Netanyahu visit to Britain set to spark protests

PM to be greeted by pro-Palestinian protesters outside 10 Downing St.

Britain's Prime Minister David Cameron (L) greets Prime Minister Benjamin Netanyahu at Number 10 Downing Street in London, April 17, 2013 (photo credit: REUTERS)
Britain's Prime Minister David Cameron (L) greets Prime Minister Benjamin Netanyahu at Number 10 Downing Street in London, April 17, 2013
(photo credit: REUTERS)
Prime Minister Benjamin Netanyahu is scheduled to fly to London on Wednesday for a two-day visit that is expected to trigger a number of protests.
The focal point of the visit will be a breakfast meeting scheduled for Thursday morning with British Prime Minister David Cameron.
Netanyahu and Cameron last met when the British premier visited Israel and addressed the Knesset in March 2014. One Israeli diplomatic official said that a “whole range of issues” were on the agenda, including Syria, Islamic State, Iran and the diplomatic process with the Palestinians.
During the visit, Netanyahu is scheduled to meet with a delegation of parliamentarians, as well as with Jewish leaders. He will not meet with any of the four candidates for Labor’s leadership, including front-runner Jeremy Corbyn, who is strongly pro-Palestinian and has been dogged by allegations of anti-Semitism.
The results of the party leadership race are to be announced on Saturday.
The Palestinian Solidarity Campaign is scheduled to hold a protest on Wednesday opposite 10 Downing Street.
The organization sent a letter to Cameron, signed by some 10,000 people, calling for Cameron to cancel the visit, and impose sanctions and an arms embargo on Israel.
According to the organization, Netanyahu bears “direct responsibility for the war crimes identified by the UN Human Rights Council following Israel’s brutal assault on Gaza last summer, which killed more than 2,000 Palestinian women, children and men in the space of seven weeks.”
Similarly, the head of the group, Hugh Lanning, joined in signing a letter to The Guardian published on Monday saying that “Palestinians fleeing the hell that Israel has created in Gaza are among the thousands of refugees who have drowned in the Mediterranean in the last year. Our prime minister should not be welcoming the man who presides over Israel’s occupation and its siege of Gaza.”

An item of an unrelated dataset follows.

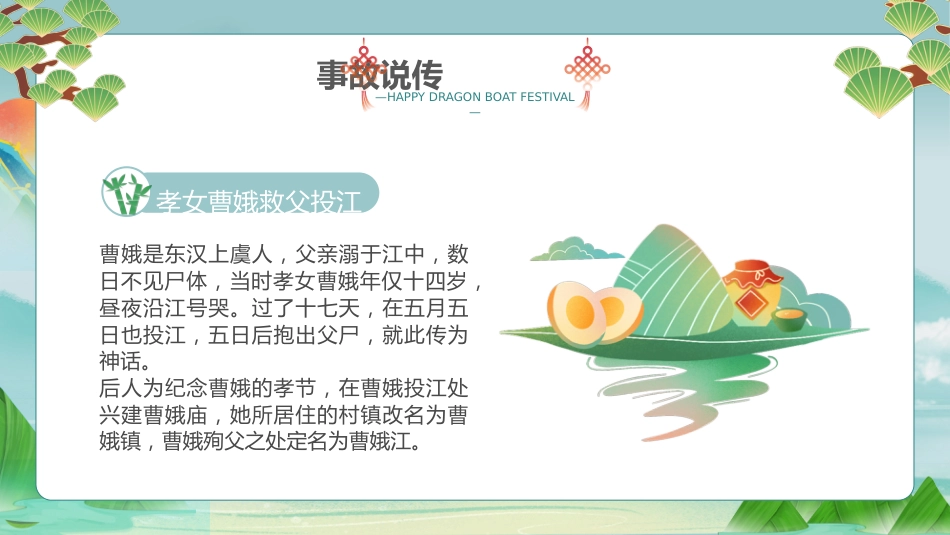 精选端午节 (21)_第8页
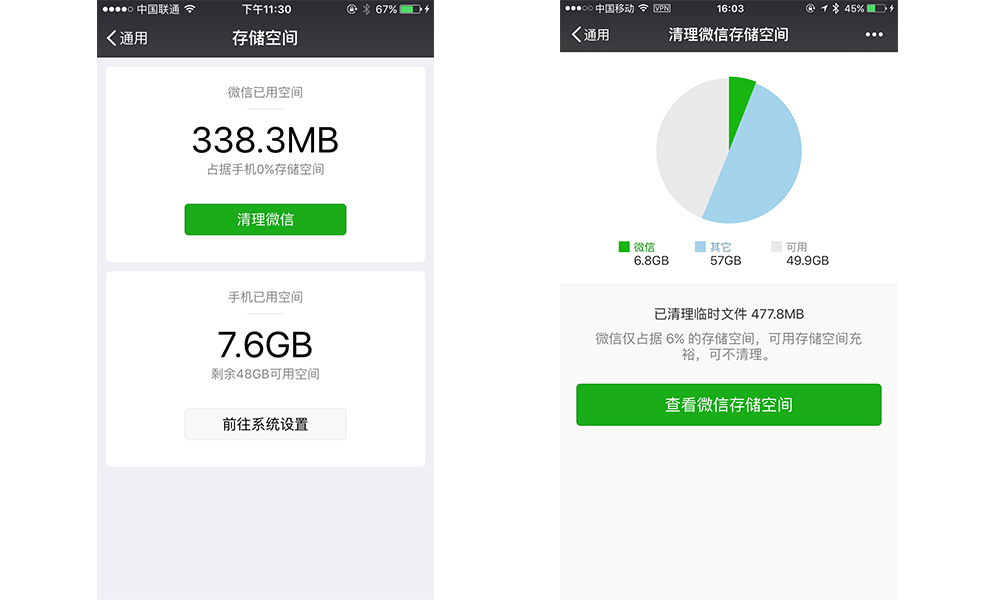 缓存关闭数据手机游戏能玩吗_如何关闭缓存运行_怎样关闭手机游戏缓存数据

Among the 21 people who signed that letter included a number of union leaders, two Labor parliamentarians – Jo Stevens and Cat Smith – far-left Israeli- born historian Ilan Pappé, fashion designer Bella Freud, who is Sigmund Freud’s great-granddaughter, film director Ken Loach and British-Jamaican author Benjamin Zephaniah.
An online petition calling for Netanyahu to be arrested garnered more than 107,000 signatures, more than the requisite 100,000 need for Parliament to consider debating the issue.
The petition was created through the British Parliament E-petitions website. If a petition garners 100,000 signatures, the issue will be considered for a debate in Parliament, but there is no guarantee it must be debated, and Jerusalem believes the Cameron government will not allow it.
In a response to the petition, the British government responded in a statement that under UK and international law, visiting heads of foreign governments, including Netanyahu, have immunity from legal process and cannot be arrested or detained.
One Israeli official said that Jerusalem was aware that “whenever you go to Britain there are a few groups interested in provocations and stunts, but these are not serious.”
The statement said the UK is “a close friend of Israel and we enjoy an excellent bilateral relationship, built on decades of cooperation between our two countries across a range of fields.”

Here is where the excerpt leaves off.